I understand the logic of their asking/begging at a cash machine because we've all used the line "I don't have any cash", which can be true.  At the ATM, it can't be.  I think the fear/risk outweighs the benefit for them though.  Many people, including myself occasionally, feel nervous with a big check/lots of cash in hand.

There are two things that really struck me about these exchanges that both happened over the matter of about ten minutes.

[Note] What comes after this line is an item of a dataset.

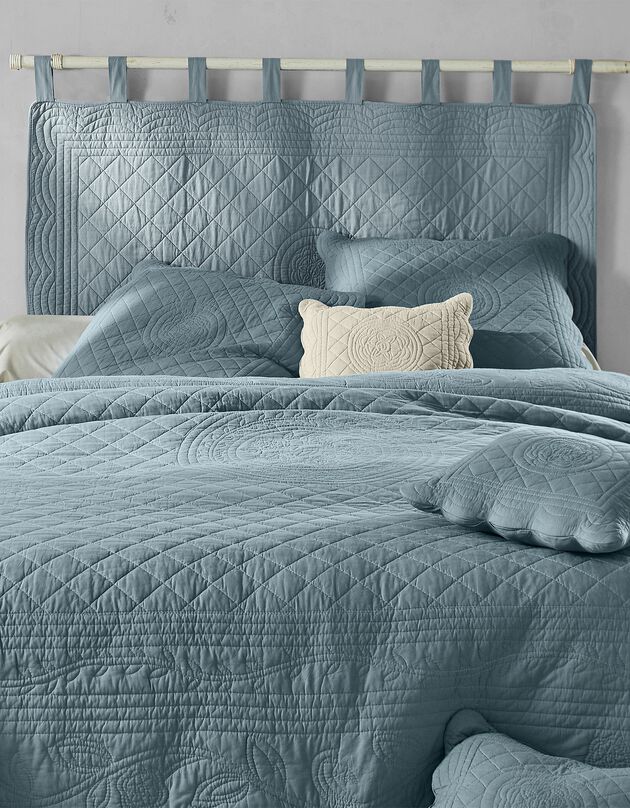 Tête de lit unie coton style boutis Cassandre, bleu grisé, hi-res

The first is that both of these individuals, who I don't believe heard or saw the other, thanked me for being nice, listening and treating them like human beings.  Why is that so extraordinary? I am stunned dismayed that the poor are so disregarded in our society, though I am not surprised. When 25 and I went out for New Year's Eve I talked with a homeless man as we waited in line for the show we were going to. He also commented how few people were kind and even just to chat.  I can see that people are on guard because they are expecting to be hit up for money or help.  This gentleman from NYE had a tin out but didn't ask.  He seemed happy to drum and chat away, enjoying that someone had noticed him.

I understand that politicians and society at large has seen the poor and economically disadvantaged as a throw away group.  The bit that breaks my heart is that even as individuals, in a one-on-one situation, people are so dismissive of those who are struggling, even in this time of economic downturn on a massive scale. Thousands and millions of people are hurting financially now and weren't five years ago, there are probably an equal number of folks on the edge of the bubble.  I have the security of knowing that I don't have kids, I do have family to lean on in times of need.  Not everyone is in such a position and I have empathy for those who are striving to survive a difficult time.

Second: why do/did I feel like a heel for not giving them money?  I donate both time and money to charitable groups that suppose a variety of causes, homelessness and hunger among them. I donate to food banks and reusable good to St. Vincent de Paul and Goodwill. I was in a hurry and not obligated to give them money, especially being that that ATM dispenses only twenty dollar bills.  That all considered, twenty or even forty dollars would not have bankrupted me.  It was my first paycheck in about seven weeks as I just started working again. Mentally, I'd already allocated most of the money for bills and such. And yet, four days later, I am still thinking about it.